Regression Assumptions in Stata for Beginners

Whenever we run OLS regressions, there are a few basic assumptions that are made with regard to our data so that correct inferences and predictions can be made. To learn the basics of regression assumption, please refer to an introductory textbook on econometrics. The four regression assumptions that we will discuss in this article are as follows:

Normality of residuals
Heteroskedasticity
Multicollinearity
Autocorrelation

These four assumptions apply for any kind of dataset, regardless of it being a cross-sectional data, panel data, or time-series data.

To test the four regression assumptions, we will use Stata’s built-in automobile dataset.

sysuse auto, clear

Testing the Normality of Residuals as regression assumptions in Stata

The Skewness and Kurtosis Test for Normality in Stata

A test of significance of the skewness and kurtosis can be performed for the residual variable using the sktest command (the skewness and kurtosis tests for normality).

sktest error

The null hypothesis of this test is that the data is normally distributed, satisfying regression assumption. A p-value (Prob>chi2) of less than 0.05 would indicate that the variable is not normally distributed. In this case, it is just above this value at 0.0677 which can allow us to infer that the variable is indeed normally distributed.

The Shapiro-Wilk Test for Normality in Stata

Let’s also run a Shapiro-Wilk test of normality using the swilk command. This gives us the following output.

swilk error

The p-value (Prob>z) in this case is 0.0081 which is well below 0.05. This test leads us to reject the null hypothesis of a normal distribution, and conclude that the residuals are not normally distributed.

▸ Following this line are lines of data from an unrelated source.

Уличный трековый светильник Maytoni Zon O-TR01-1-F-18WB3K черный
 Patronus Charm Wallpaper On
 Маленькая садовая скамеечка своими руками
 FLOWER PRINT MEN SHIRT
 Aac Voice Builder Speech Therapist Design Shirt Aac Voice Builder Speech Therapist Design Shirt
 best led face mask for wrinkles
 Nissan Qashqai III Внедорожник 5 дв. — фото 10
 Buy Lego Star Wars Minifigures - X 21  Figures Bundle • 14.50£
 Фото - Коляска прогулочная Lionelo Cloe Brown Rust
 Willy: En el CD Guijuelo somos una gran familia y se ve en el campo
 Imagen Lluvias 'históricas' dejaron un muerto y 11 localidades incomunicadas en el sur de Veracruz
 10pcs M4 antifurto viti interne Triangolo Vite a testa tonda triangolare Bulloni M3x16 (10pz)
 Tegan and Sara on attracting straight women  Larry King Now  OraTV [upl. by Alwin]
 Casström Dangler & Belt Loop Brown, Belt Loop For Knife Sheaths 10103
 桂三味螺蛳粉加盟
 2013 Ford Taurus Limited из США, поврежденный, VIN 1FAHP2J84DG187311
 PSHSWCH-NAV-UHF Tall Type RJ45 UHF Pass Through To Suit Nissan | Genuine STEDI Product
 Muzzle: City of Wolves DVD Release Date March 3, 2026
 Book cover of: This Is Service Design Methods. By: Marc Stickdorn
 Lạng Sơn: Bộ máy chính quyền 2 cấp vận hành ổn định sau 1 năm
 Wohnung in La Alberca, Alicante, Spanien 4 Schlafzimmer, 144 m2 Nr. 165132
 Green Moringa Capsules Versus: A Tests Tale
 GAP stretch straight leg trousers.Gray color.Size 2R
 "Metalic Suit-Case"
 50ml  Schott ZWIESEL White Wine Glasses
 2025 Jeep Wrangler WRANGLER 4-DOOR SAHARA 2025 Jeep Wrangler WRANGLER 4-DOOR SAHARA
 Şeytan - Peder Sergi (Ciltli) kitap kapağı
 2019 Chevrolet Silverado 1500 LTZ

This is primarily because these tests have a bias to (i.e they are sensitive to) sample sizes. In large sample sizes, they tend to indicate significance even if there is a small deviation from normality.

The Jarque-Bera Test for Normality in Stata

There is another command, jb, that performs that Jarque-Bera normality test. You may have to install it before using it.

ssc install jb jb error

This test gives us a p-value of 0.064 whereby we fail to reject the null hypothesis of normality of residuals and conclude that ‘error’ is normally distributed.

Multiple Scatter Plots on One Graph in Stata

The Standardised Normal Probability Plot

The pnorm command generates a standardised normal probability plot. The closer the plotted points are to the straight line, the more likely it is for the variable to be normally distributed. If the data points lie exactly on the straight line, the variable can be said to be perfectly normally distributed.

pnorm error

In this case, the data points are quite close to the straight line and help us visually conclude that ‘error’ is a normally distributed variable.

The Normal Quantile Plot to test regression Assumptions

A quantile plot helps us visualize normality in exactly the same manner. The command qnorm plots the quantiles of the variable specified against the quantiles of normal distribution.

qnorm error

simple linear regression assumption and their use in Stata

What to do if The Normality Assumption is Violated?

Reporting Unbiased Standard Errors in a Regression

If the residuals from a simple OLS regression are not normally distributed, you should make inferences about the coefficients based on robust, corrected, unbiased standard errors. Unbiased standard errors in a regression can be reported by adding the option robust to a regression command.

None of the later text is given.